───── Records for the exercise ─────

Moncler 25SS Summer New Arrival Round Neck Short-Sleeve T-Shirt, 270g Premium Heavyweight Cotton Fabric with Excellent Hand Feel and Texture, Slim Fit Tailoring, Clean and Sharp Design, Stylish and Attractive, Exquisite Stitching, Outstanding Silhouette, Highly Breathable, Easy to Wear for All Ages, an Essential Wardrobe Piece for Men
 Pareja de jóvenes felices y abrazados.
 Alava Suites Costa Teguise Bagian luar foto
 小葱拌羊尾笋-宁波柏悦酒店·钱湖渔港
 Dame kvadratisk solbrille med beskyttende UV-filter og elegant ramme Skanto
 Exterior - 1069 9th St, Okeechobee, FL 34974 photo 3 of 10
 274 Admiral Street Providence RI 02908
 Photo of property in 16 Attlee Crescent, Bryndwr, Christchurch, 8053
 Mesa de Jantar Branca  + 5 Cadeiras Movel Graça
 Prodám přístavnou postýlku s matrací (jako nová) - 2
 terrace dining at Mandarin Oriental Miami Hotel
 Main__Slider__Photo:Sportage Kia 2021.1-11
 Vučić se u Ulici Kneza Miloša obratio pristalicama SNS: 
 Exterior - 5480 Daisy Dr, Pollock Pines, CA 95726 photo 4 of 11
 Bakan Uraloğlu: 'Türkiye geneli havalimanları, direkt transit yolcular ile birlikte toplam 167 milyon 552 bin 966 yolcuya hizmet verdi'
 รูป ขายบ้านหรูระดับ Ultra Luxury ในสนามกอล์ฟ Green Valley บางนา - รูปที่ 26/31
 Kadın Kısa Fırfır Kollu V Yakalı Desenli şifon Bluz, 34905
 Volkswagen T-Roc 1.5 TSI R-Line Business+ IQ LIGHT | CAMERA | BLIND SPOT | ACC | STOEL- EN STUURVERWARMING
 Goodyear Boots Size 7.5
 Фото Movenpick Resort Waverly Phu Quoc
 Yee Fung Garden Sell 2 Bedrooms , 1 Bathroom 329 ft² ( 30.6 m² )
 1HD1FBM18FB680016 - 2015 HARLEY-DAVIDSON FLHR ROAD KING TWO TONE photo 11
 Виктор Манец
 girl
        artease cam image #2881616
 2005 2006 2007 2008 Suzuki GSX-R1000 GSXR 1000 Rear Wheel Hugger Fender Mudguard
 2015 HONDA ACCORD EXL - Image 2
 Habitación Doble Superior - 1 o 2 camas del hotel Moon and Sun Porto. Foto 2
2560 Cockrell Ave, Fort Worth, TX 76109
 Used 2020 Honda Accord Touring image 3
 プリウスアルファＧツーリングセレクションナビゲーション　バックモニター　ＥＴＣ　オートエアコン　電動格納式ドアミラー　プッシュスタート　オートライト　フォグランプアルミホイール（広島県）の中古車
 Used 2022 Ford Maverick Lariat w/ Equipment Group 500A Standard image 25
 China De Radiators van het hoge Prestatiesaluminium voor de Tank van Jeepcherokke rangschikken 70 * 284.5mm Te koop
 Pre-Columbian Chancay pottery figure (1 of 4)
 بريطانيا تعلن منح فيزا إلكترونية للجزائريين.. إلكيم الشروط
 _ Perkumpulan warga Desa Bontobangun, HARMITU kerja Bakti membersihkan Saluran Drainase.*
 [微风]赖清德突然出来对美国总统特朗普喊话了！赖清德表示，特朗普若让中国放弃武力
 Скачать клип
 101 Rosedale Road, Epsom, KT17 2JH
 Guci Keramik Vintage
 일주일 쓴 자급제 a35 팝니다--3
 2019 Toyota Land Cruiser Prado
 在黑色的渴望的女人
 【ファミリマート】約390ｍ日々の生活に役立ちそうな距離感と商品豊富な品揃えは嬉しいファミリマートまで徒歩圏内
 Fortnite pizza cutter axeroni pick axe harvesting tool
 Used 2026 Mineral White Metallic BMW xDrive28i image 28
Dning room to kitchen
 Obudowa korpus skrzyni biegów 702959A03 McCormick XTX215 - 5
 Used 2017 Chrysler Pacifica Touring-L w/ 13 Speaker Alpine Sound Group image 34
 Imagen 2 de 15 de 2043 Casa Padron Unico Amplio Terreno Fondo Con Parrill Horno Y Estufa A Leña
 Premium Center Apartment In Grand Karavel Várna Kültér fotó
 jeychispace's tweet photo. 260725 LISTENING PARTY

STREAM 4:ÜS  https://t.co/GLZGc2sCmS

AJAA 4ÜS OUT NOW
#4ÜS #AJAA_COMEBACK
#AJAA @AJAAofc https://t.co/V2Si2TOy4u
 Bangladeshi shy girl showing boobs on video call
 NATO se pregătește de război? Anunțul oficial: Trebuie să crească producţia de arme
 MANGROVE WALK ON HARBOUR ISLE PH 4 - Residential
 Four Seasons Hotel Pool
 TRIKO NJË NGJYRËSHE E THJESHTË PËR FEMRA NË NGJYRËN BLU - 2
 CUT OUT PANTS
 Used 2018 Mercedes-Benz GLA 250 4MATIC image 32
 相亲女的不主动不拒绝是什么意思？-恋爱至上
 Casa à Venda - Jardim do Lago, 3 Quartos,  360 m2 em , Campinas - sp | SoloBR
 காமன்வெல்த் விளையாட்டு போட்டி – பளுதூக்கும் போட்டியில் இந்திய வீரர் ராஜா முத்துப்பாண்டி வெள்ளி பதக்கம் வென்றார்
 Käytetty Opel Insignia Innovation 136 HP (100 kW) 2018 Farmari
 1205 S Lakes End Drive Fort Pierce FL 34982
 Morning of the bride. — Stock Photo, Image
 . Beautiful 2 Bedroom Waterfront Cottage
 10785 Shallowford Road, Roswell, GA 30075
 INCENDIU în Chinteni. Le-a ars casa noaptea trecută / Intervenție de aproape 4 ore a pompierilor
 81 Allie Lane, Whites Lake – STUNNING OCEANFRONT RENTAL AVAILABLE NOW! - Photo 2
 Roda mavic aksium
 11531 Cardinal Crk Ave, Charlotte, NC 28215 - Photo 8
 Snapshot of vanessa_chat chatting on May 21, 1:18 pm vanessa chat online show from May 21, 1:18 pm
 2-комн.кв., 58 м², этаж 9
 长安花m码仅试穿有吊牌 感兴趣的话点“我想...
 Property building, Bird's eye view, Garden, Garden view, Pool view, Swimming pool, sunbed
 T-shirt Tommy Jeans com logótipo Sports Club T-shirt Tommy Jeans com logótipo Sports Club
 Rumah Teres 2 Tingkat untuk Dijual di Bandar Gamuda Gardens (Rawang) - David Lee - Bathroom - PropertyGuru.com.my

─────

To do — Please copy every line of the records above in which "Pool" appears.

Exercise response —
 Four Seasons Hotel Pool
 Property building, Bird's eye view, Garden, Garden view, Pool view, Swimming pool, sunbed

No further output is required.